Press
Full scale recreation of ancient chapel
JAMAICA — Tucked into the hills of Jamaica is a small dome-roofed house made of stone and brick that was built because of the religious aspirations of Don and Mary Tarinelli.
The structure is the only known to-scale replica of what Christians and Muslims believe to be the last home of Jesus’ mother Mary in Ephesus, Turkey.
According to “The Acts of the Apostles,” a book in the New Testament of the Bible, after the death of Jesus Christ, St.
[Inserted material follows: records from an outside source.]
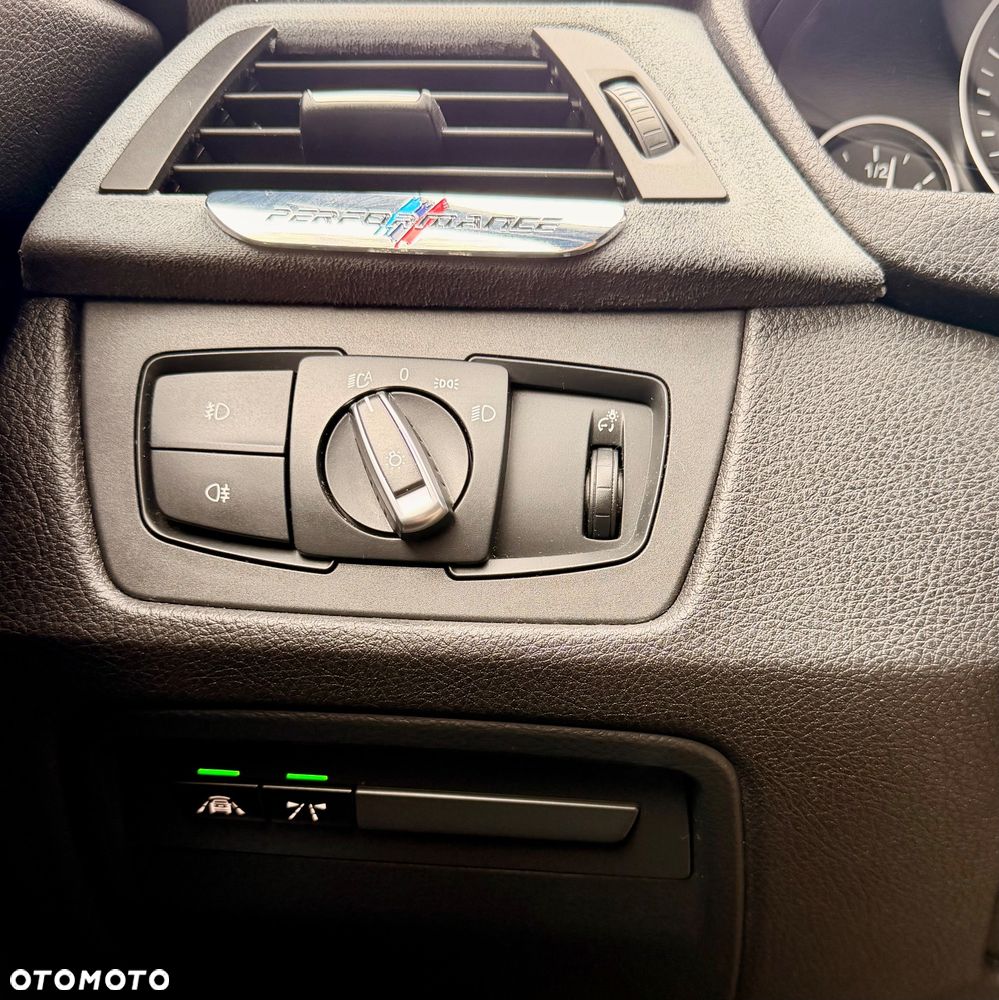 BMW Seria 3 316d Sport Line Shadow - 34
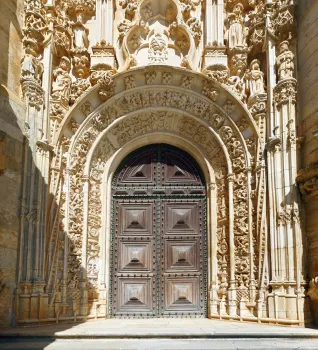 Convent of Christ, Manueline Church, south portal with archivolts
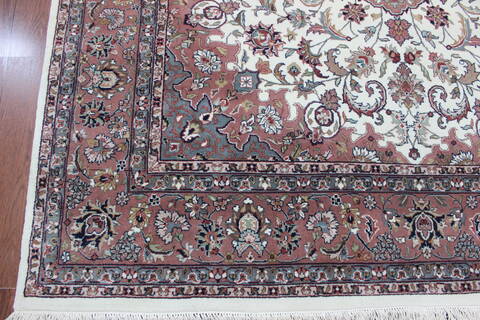 Persian Beige Hand Knotted 67 X 82 Area Rug 902-146595 Image 1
John took Mary to Asia Minor, now Turkey, and built a home for her in the mountains where she would be safe from persecution.
Ruins of the house were discovered in Ephesus in the middle of the 19th century and declared to be where Mary lived the final years of her life. Shortly after the discovery the house was reconstructed.
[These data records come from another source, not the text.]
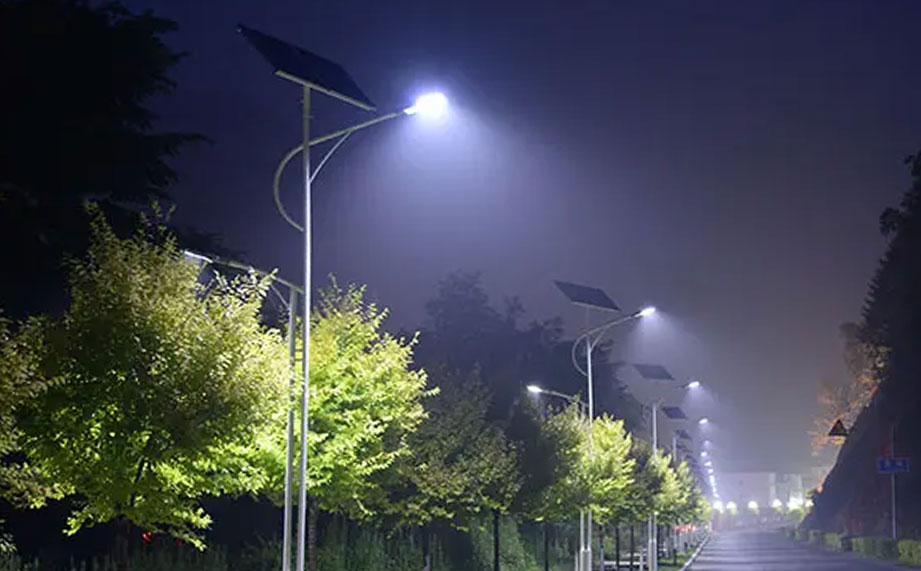 你注意過嗎？太陽能路燈也是需要清潔的，如何清潔太陽能路燈呢？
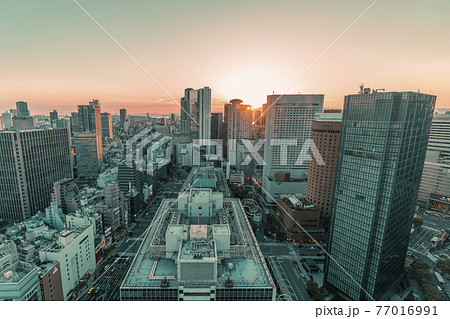 大阪駅前第三ビル展望台からの眺め　夕景【大阪都市風景】 77016991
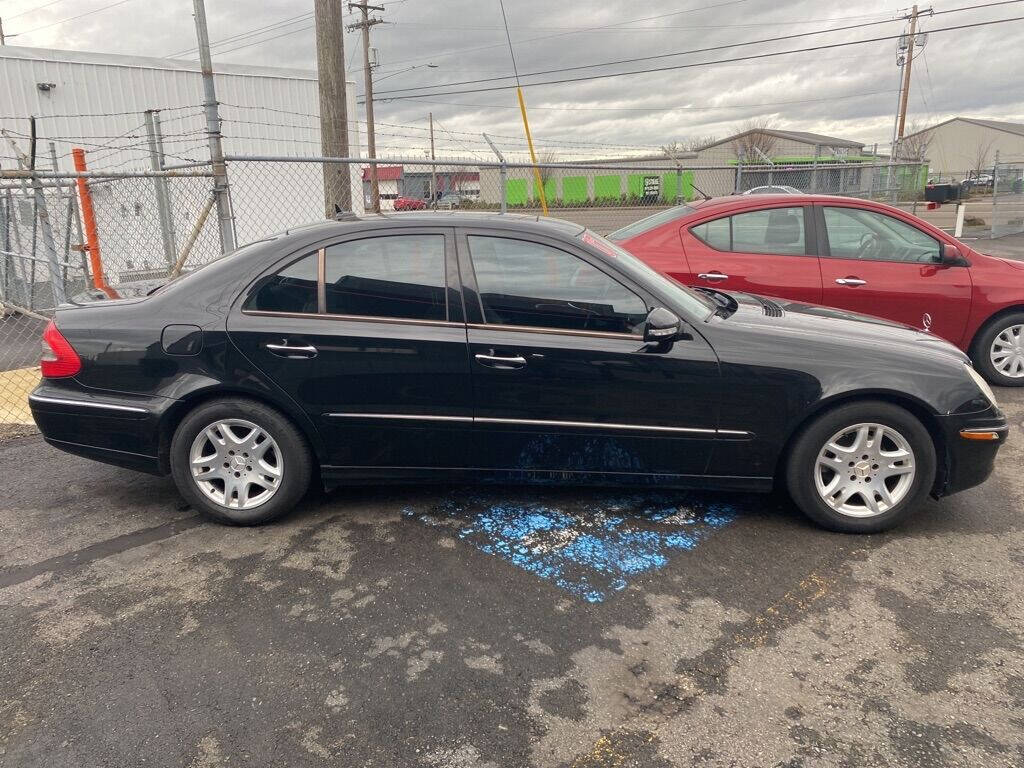 Black 2007 Mercedes-Benz E-Class E 320 BlueTEC E 320 BlueTEC 4dr Sedan 1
Saturday the Archbishop of Izmir, Turkey, Guiseppe Bernardini blessed the walls and the altar of the replica with holy water and the four-year construction project officially became a holy place.
Bishop Salvatore Matano could not attend the ceremony on Saturday.
“From the altar looking out at the mountains going down looks exactly like Ephesus,” Bernardini said.
The replica of Mary’s last home is now part of the Our Lady of Ephesus House of Prayer started by Don and Mary Tarinelli some 15 years ago in a converted barn up the road from the replica site.
“It’s for anyone of any denomination to say ‘Stop the world I have to get off and say thank you’,” she said.
Mary Tarinelli said when Bernardini was visiting the house of prayer in Jamaica in 2001 he suggested that a replica be built on the property and when he returned to Turkey he sent the blueprints.
“We said, ‘Uh-oh, he’s serious’,” she said.
Greg Brown, the mason who built the replica, traveled to Ephesus with Don and Mary Tarinelli in 2002 to see the reconstruction of the original.
Brown said the armed guards circling the property made taking measurements difficult. “Don and Mary were on watch while I measured the altar and climbed up on the roof. The blueprints are on a napkin basically,” he said. “It was a sneaky operation, but for the most part it is exact,” he said.
Brown said though the design was simple physics the domed roof did not suit Vermont snowfalls, so they pitched the domes to outer drain tiles.
“It was the neatest project I’ll ever do because it’s all masonry. It was just our crew out in the field building a whole structure out of brick and stone,” he said.
Tarinelli said they strove to make an exact copy — from the candle stands to the missing nose and hands on the statue of the Virgin Mary.
However, the altar is made of Vermont marble and most of the stone for the house is from the property on Fawn Ledge Lane.
There were two stones donated for the interior, one from the original reconstruction in Ephesus blessed by Bernardini and the other from Medjugorje, Yugoslavia, where several people claim to have seen apparitions of the Virgin Mary.
The blessing ceremony, mass and luncheon drew around 250 people, many of them local religious leaders.
Andrew Diliddo of Bennington, a member of the Knights of Columbus, said he has only seen videos of Mary’s last home in Ephesus, but when he went into Jamaica’s version for the first time, “I got the same feeling that I got in the video.”
Sister Jessica of the Sisters Minor of Mary Immaculate in Connecticut said that is partly why the construction of the replica is so important to the religious community in this country.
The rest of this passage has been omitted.